══ Dataset extract

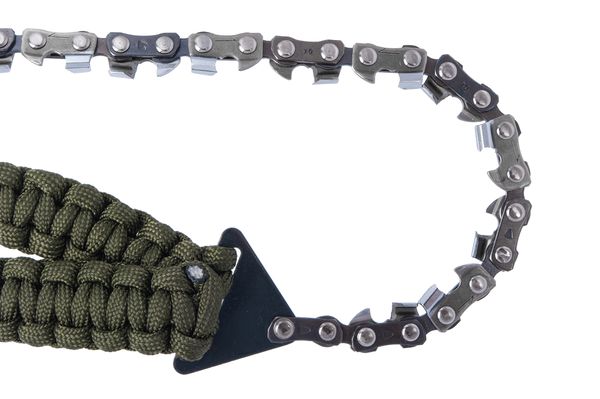 PARACORD Taschen-Kettensäge  schwarz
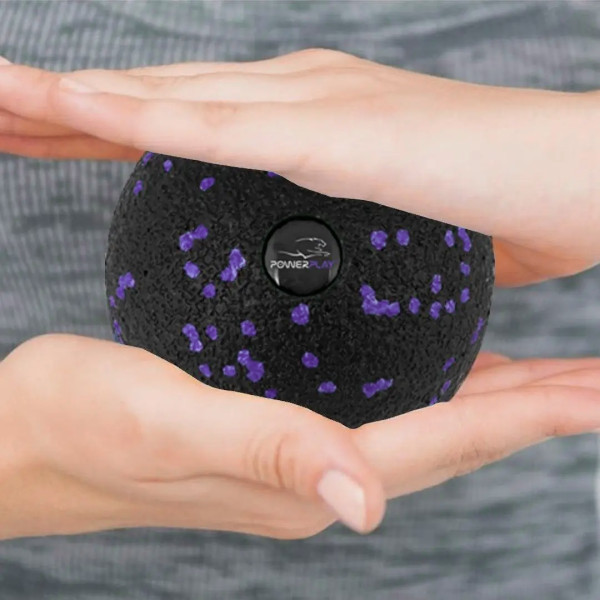 Масажний м'яч PowerPlay PP-4350 Epp Massage Ball (d8) Чорно/Фіолетовий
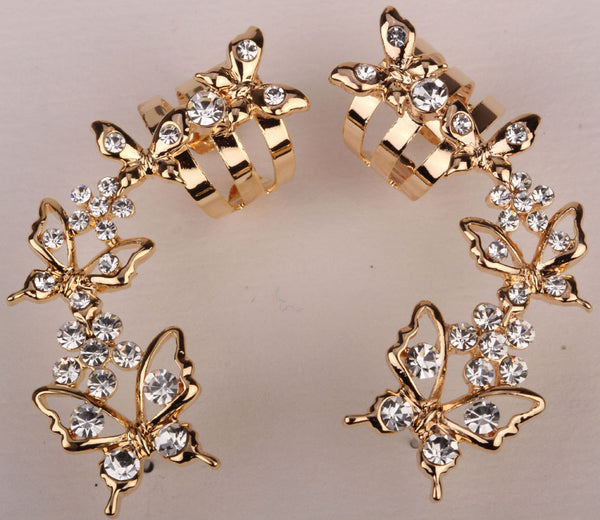 Elegant Mini Butterflies Ear Wrap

════

Work to be completed — Beginning with the line that contains "Масажний м'яч PowerPlay" in the data above, please copy each line exactly until the last line, both ends included, skipping any pictures.

Result of the exercise —
 Масажний м'яч PowerPlay PP-4350 Epp Massage Ball (d8) Чорно/Фіолетовий
 Elegant Mini Butterflies Ear Wrap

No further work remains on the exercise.